Dans cette dernière hypothèse, les parties civiles doivent donc saisir la CIVI sans attendre l'expiration des voies de recours contre la décision leur allouant des dommages et intérêts, comme c'était le cas avant la loi du 15 juin 2000.
Or, comme le soulignait lors des débats à l'Assemblée nationale Olivier Dussopt, secrétaire d'État auprès du ministre de l'action et des comptes publics, certaines victimes peuvent légitimement vouloir attendre une décision définitive du juge qui ne puisse plus être contestée et, le cas échéant, tenter de recouvrer les dommages et intérêts contre l'auteur des faits avant de faire appel à la solidarité nationale pour obtenir une indemnisation .
Le fait que la Cour de cassation ait été appelée à se prononcer en 2013 sur le délai applicable est lié à une évolution dans la pratique des tribunaux.
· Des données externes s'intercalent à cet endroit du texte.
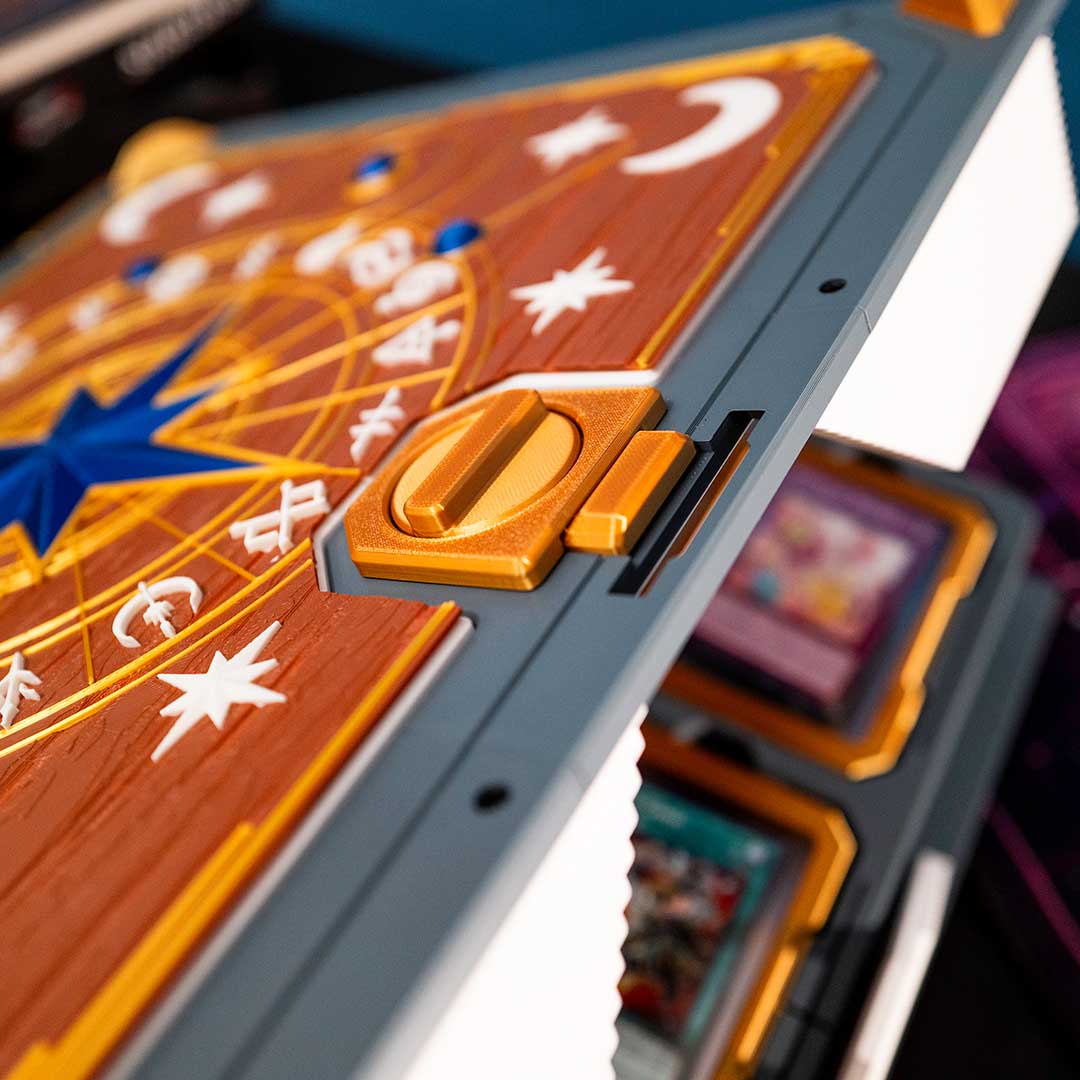 3D-Printable Binder For Trading Cards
L'information prévue à l'article 706-15 4 ( * ) est en effet automatiquement et systématiquement intégrée aux décisions accordant des dommages-intérêts du fait du développement de la numérisation. Cette inclusion, qui n'était pas systématique avant les années 2010, fait courir un délai qui, en pratique, n'était pas auparavant opposable aux victimes dans la grande majorité des cas. Le développement du contentieux et le nombre de décisions de la Cour de cassation sur ce sujet est également à mettre en relation avec la difficulté qu'ont pu rencontrer certains avocats à maîtriser cette différence de délais. L'impossibilité d'obtenir une indemnisation, si elle leur est imputable, entraîne la mise en cause de leur responsabilité.
* 2 Article 706-15 du code de procédure pénale : « Lorsqu'une juridiction condamne l'auteur d'une infraction mentionnée aux articles 706-3 et 706-14 à verser des dommages-intérêts à la partie civile, elle informe cette dernière de la possibilité de saisir la commission d'indemnisation des victimes d'infraction d'une demande d'indemnité ou de saisir le fonds de garantie des victimes des actes de terrorisme et d'autres infractions d'une demande d'aide au recouvrement. »
* 3 Arrêt n° 12-15.377 de la deuxième chambre civile du 28 mars 2013.
* 4 Lorsqu'une juridiction condamne l'auteur d'une infraction mentionnée aux articles 706-3 et 706-14 à verser des dommages-intérêts à la partie civile, elle informe cette dernière de la possibilité de saisir la commission d'indemnisation des victimes d'infraction d'une demande d'indemnité ou de saisir le fonds de garantie des victimes des actes de terrorisme et d'autres infractions d'une demande d'aide au recouvrement.